An acute increase of carbon dioxide content in the atmosphere over the past 100–150 years (that in turn leads to climate change) is the fundamental challenge of our time. Other problems humanity faces today do not stand close even merely to the one of CO2, which is more difficult for us to notice, since gas cannot be touched or seen.

The main reason for the critical growth of greenhouse gases is the way human life, culture, and economy are organized. Consumption and overconsumption of resources and products and services are the cause of the unthinkable release of carbon from the bowels of the earth into its atmosphere.

Climate change is the fundamental challenge of our times.

Why is climate change so scary and urgent? Well, honestly, because everything else is ridiculously irrelevant if there is no place and conditions for us to do whatever we were doing before.

People all over the globe already feel what is called ‘climate despair’, suffering from mental illnesses and grieving about their future, understanding it may not come: young people don’t want to start a family and have kids, they give up on their dreams such as moving somewhere — as they learn these places will (most probably) disappear soon.

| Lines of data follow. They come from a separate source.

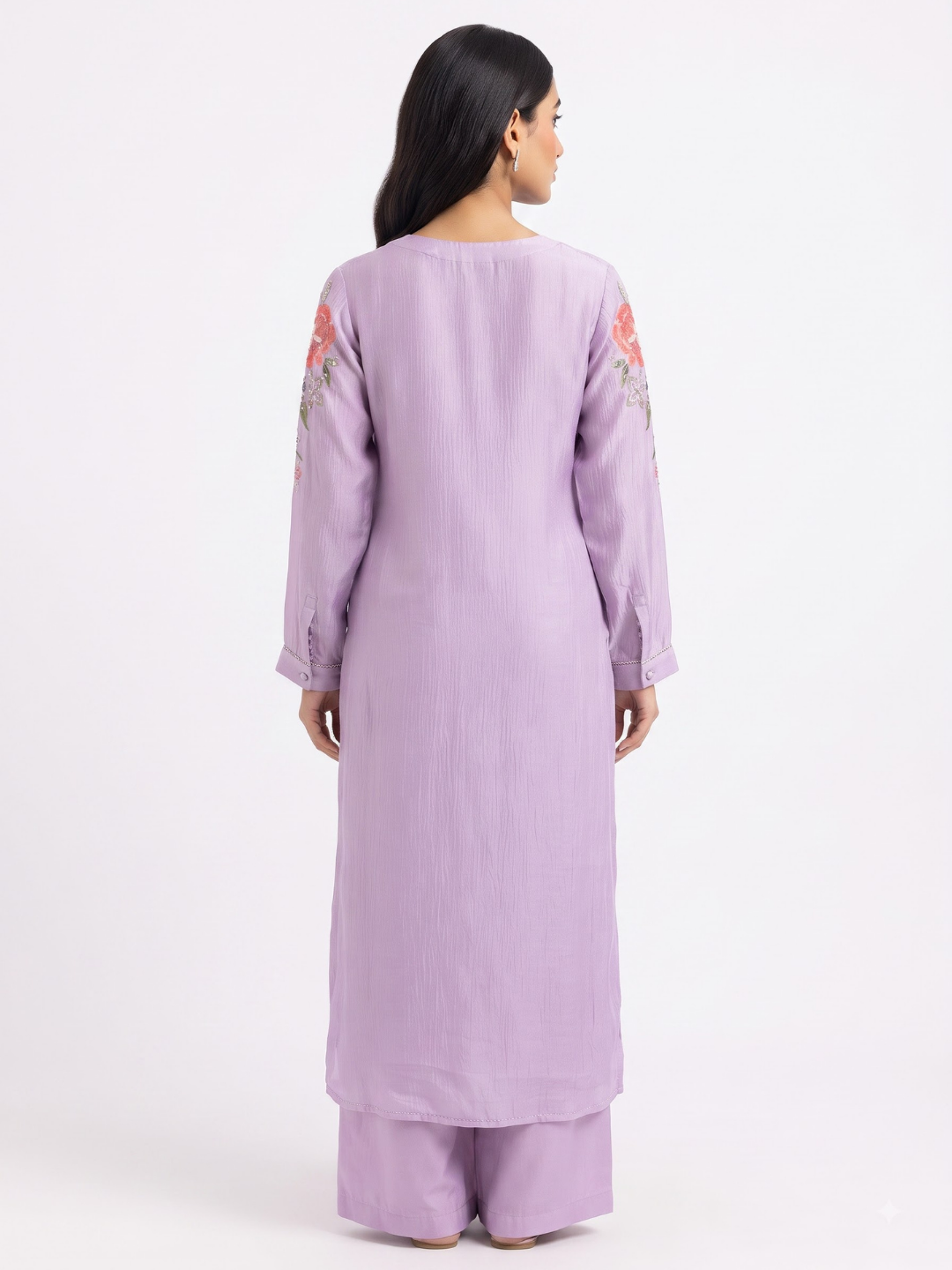 Lavender Chinon Indo Western with Cutdana, Sequins, Pearl and Printed Embroidery 6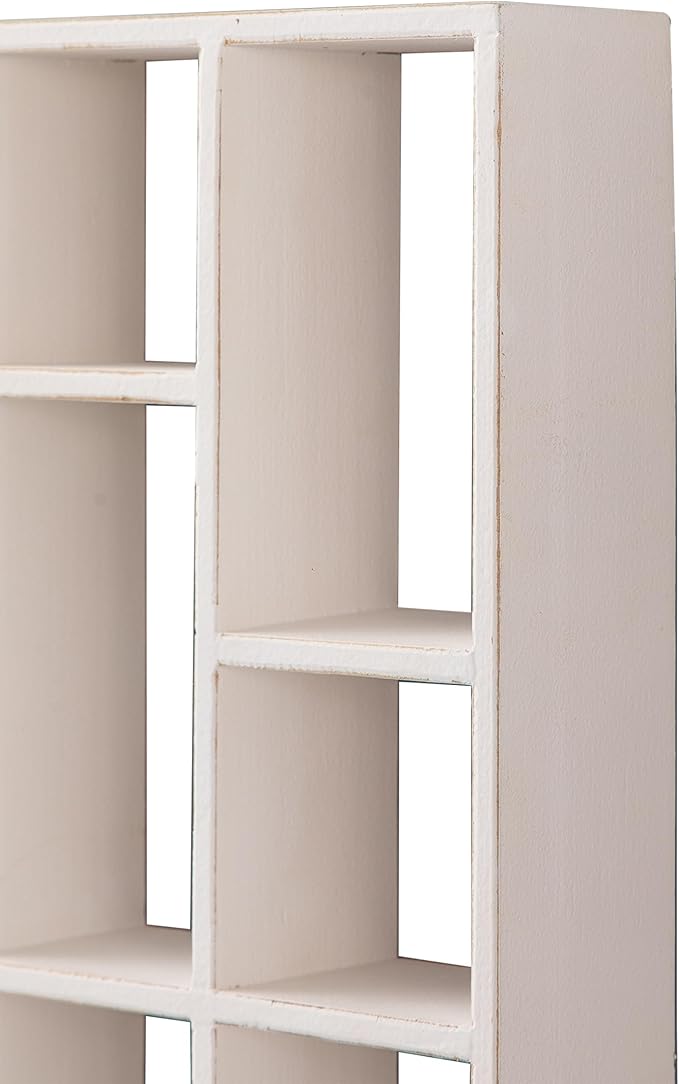 SOFE Small White Shadow Box with Shelves, Wall Shelving Unit 9-Compartments, Freestanding or Wall Mounted Curio Cabinet, Knick Knack Display Shelf, Wood Floating Cube Shelves for Walls, Collectibles
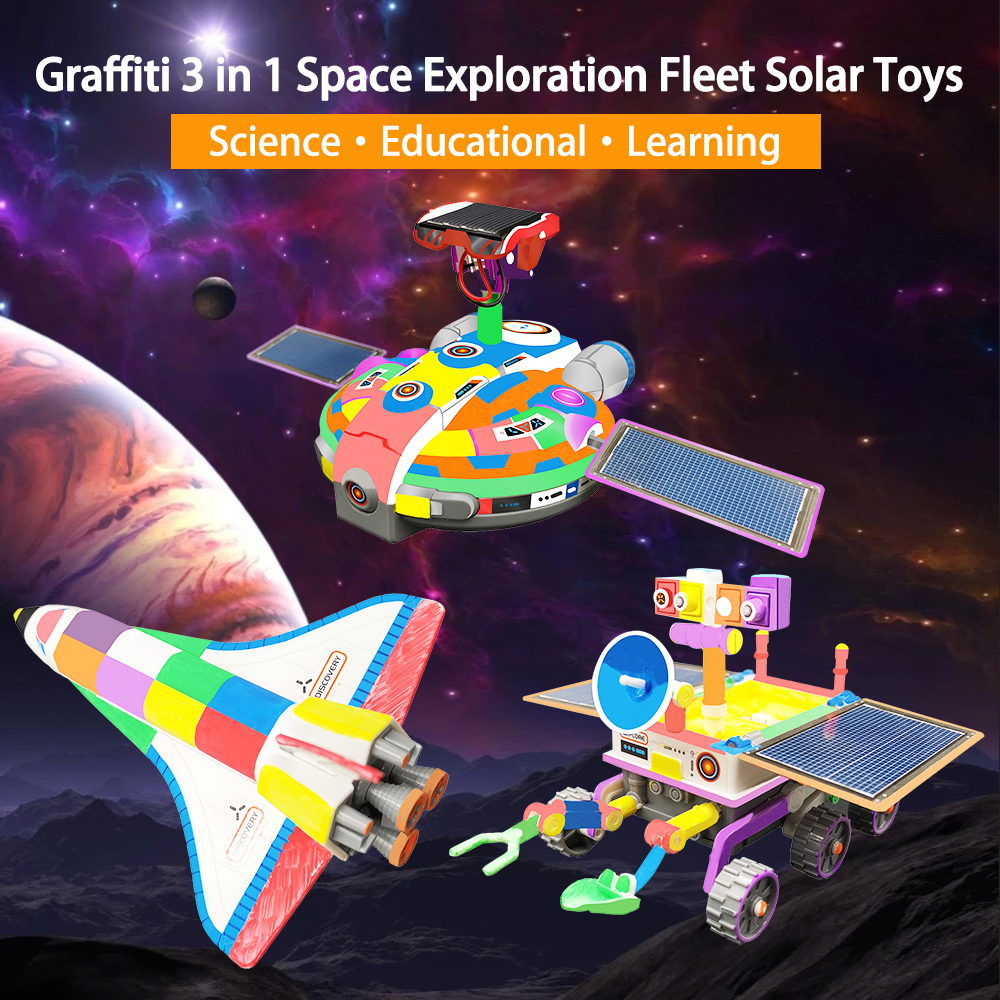 Kidsbits Solar Toys DIY Space Graffiti 3 In 1 Starquest Fleet Solar Powered Toy Robots For Kids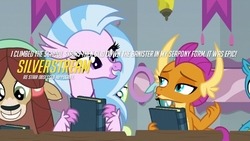 Size: 720x405 | Tagged: safe, edit, edited screencap, screencap, silverstream, smolder, yona, yak, g4, play of the game, stairs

Photo by Dan Meyers on Unsplash

At this point, what must we do?

Those whose hands concentrate most impact and power, those whose daily financial decisions make a change and really matter need to effectively act together for the climate. By ’those’ I mean corporations, business influencers, and governments.

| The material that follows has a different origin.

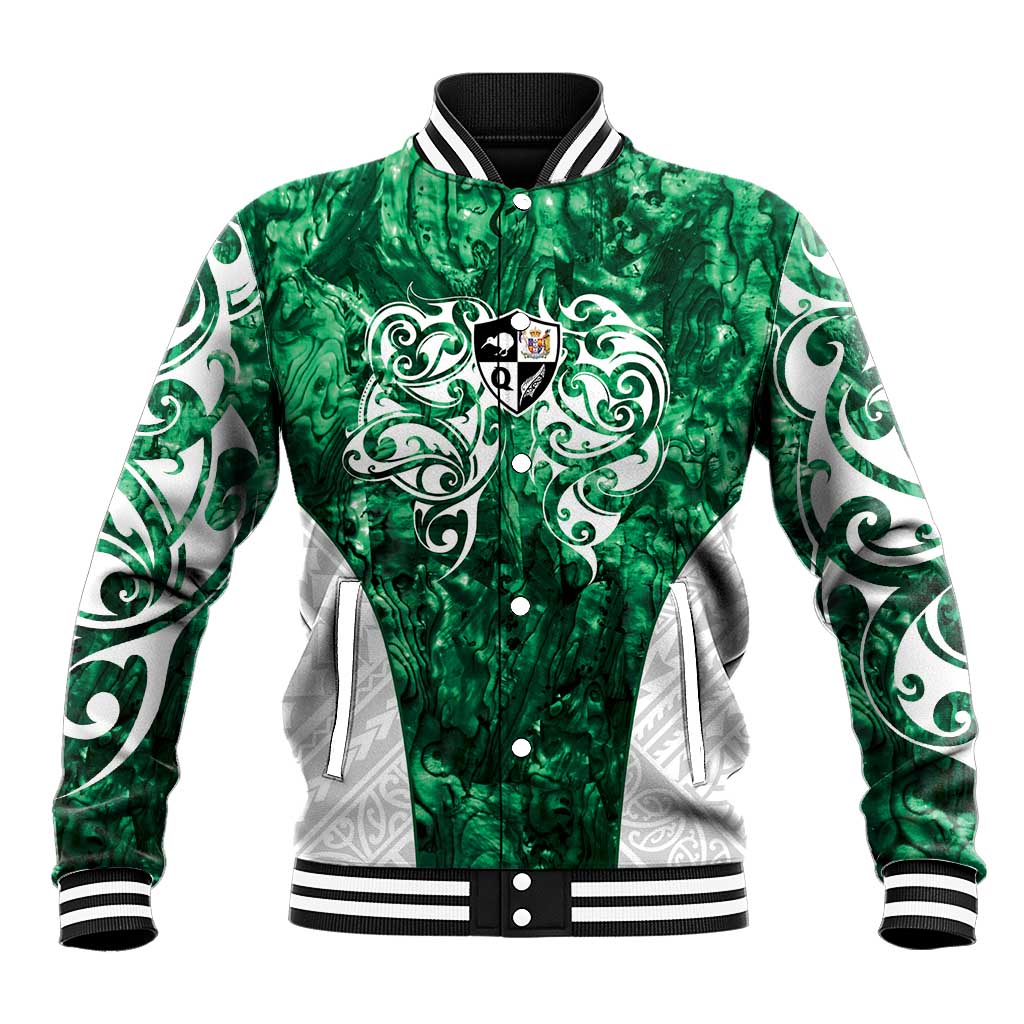 Queensland Maori Kiwi Personalised Baseball Jacket Kikirangi Papua Shell Maori Tribal Tattoo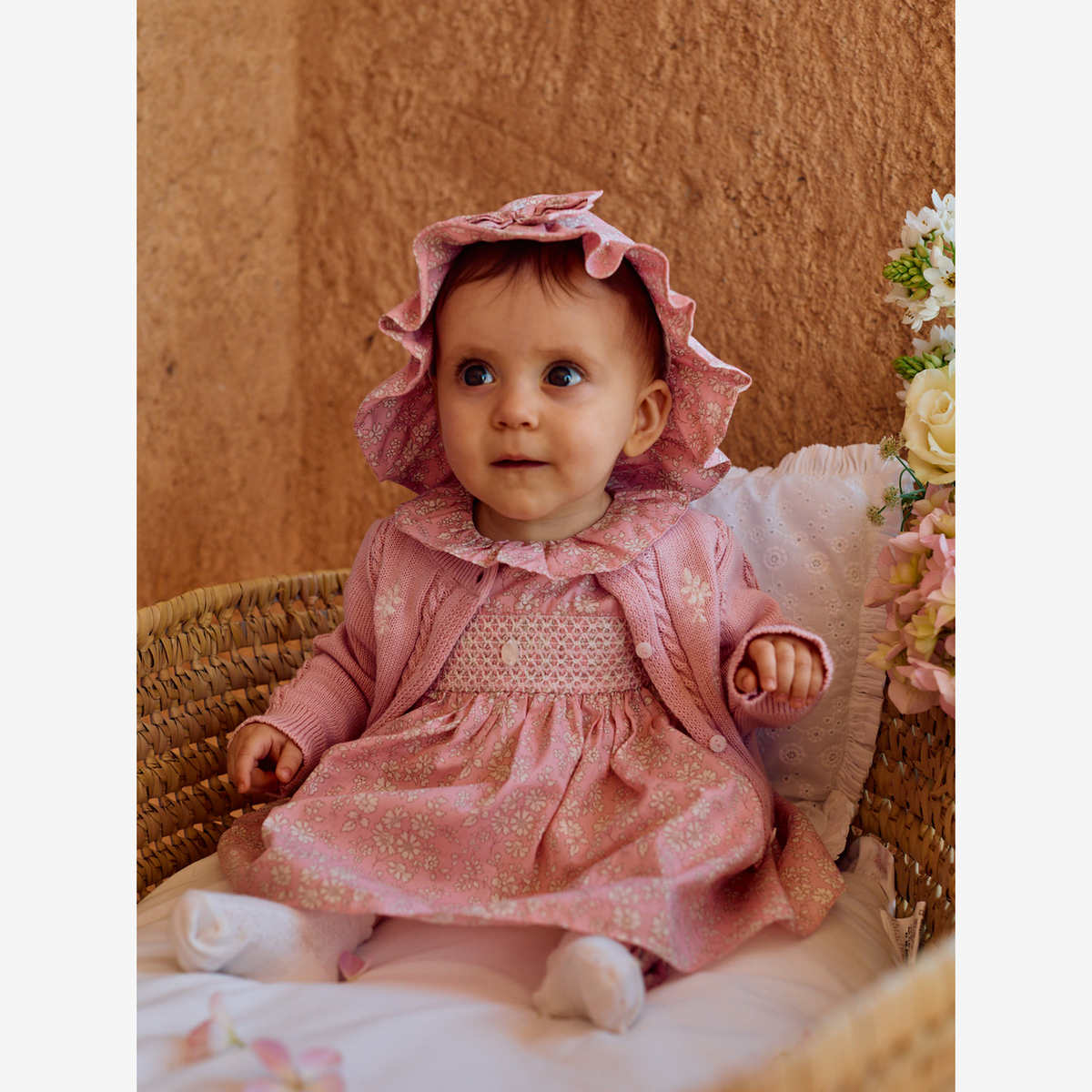Patachou Baby Girls Pink Dress with Embroidered Chest | Casa Childrenswear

In October 2018, the Intergovernmental Panel on Climate Change (IPCC) released a special report on the impacts of global warning of 1.5˚C and the emission pathways to achieve this goal. The results of the report are expected to put more pressure on policymakers across jurisdictions for timely changes to carbon and energy policies, and greater needs to investors to assess the impact on their investment portfolios. Thus, there is increased expectation from businesses to making better disclosures on their resilience to climate transition risks.

Businesses do indeed join various disclosure initiatives. But does it really help the climate? Or does the pursuit of beautifully aligned data rather distract companies from taking real actions?

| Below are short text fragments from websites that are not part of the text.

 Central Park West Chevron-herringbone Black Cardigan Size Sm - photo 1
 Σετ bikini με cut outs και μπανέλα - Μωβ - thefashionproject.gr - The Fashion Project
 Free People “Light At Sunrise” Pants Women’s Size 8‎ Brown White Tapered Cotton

Climate-related data disclosure standards are the focal theme of this week’s article.

How not to get confused in the variety of different frameworks and standards, and whether there is any chance they unite one day? What are the pros and cons of each type of reporting? What do stakeholders and especially investors expect from companies regarding climate reporting? And, finally, where a company should start if it reports for the first time?

Photo by Landon Arnold on Unsplash

The State of Climate Reporting

There is a myriad of reporting frameworks: CDP, the Climate Disclosure Standards Board (CDSB), the Financial Accounting Standards Board (FSB), the Global Reporting Initiative (GRI), the International Accounting Standards Board, the International Organisation for Standardisation (ISO), the Sustainability Accounting Standards Board (SASB).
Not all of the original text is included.